There is a useful deployment script that configures and deploys BareMetal Operator and Ironic. It requires some variables :
- IRONIC_HOST : domain name for Ironic and inspector
- IRONIC_HOST_IP : IP on which Ironic and inspector are listening
In addition you can configure the following variables. They are optional. If you leave them unset, then passwords and certificates will be generated for you.
- KUBECTL_ARGS : Additional arguments to kubectl apply
- IRONIC_USERNAME : username for ironic
- IRONIC_PASSWORD : password for ironic
- IRONIC_INSPECTOR_USERNAME : username for inspector
- IRONIC_INSPECTOR_PASSWORD : password for inspector
- IRONIC_CACERT_FILE : CA certificate path for ironic
- IRONIC_CAKEY_FILE : CA certificate key path, unneeded if ironic certificates exist
- IRONIC_CERT_FILE : Ironic certificate path
- IRONIC_KEY_FILE : Ironic certificate key path
- IRONIC_INSPECTOR_CERT_FILE : Inspector certificate path
- IRONIC_INSPECTOR_KEY_FILE : Inspector certificate key path
- IRONIC_INSPECTOR_CACERT_FILE : CA certificate path for inspector, defaults to IRONIC_CACERT_FILE
- IRONIC_INSPECTOR_CAKEY_FILE : CA certificate key path, unneeded if inspector certificates exist
- MARIADB_KEY_FILE: Path to the key of MariaDB
- MARIADB_CERT_FILE: Path to the cert of MariaDB
- MARIADB_CAKEY_FILE: Path to the CA key of MariaDB
- MARIADB_CACERT_FILE: Path to the CA certificate of MariaDB
Then run :
./tools/deploy.sh <deploy-BMO> <deploy-Ironic> <deploy-TLS> <deploy-Basic-Auth> <deploy-Keepalived>deploy-BMO: deploy BareMetal Operator : "true" or "false"deploy-Ironic: deploy Ironic : "true" or "false"deploy-TLS: deploy with TLS enabled : "true" or "false"deploy-Basic-Auth: deploy with Basic Auth enabled : "true" or "false"deploy-Keepalived: deploy with Keepalived for ironic : "true" or "false"
This will deploy BMO and / or Ironic with the proper configuration.
It is worth mentioning some tips for when the different configurations are useful as well.
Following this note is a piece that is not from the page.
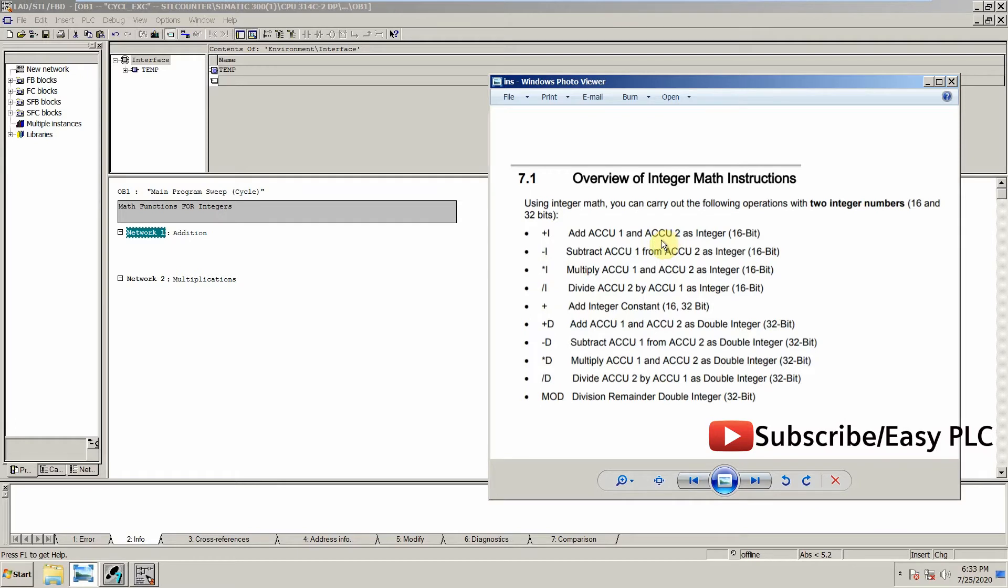So to perform a simple addition on two integers, we will use plus sign with i. i is for integers, and if these are two data registers which are double integers, then we will use plus sign with d. Similarly, we can perform division on two integers.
For example:
-
Only BMO is deployed, in a case when Ironic is already running, e.g. as part of Cluster API Provider Metal3 (CAPM3) when a successful pivoting state was met and ironic being deployed.
-
BMO and Ironic are deployed together, in a case when CAPM3 is not used and baremetal-operator and ironic containers to be deployed together.
-
Only Ironic is deployed, in a case when BMO is deployed as part of CAPM3 and only Ironic setup is sufficient, e.g. clusterctl provided by Cluster API(CAPI) deploys BMO, so that it can take care of moving the BaremetalHost during the pivoting.
Important Note When the baremetal-operator is deployed through metal3-dev-env, baremetal-operator container inherits the following environment variables through configmap:
$PROVISIONING_IP
$PROVISIONING_INTERFACE
In case you are deploying baremetal-operator locally, make sure to populate and export these environment variables before deploying.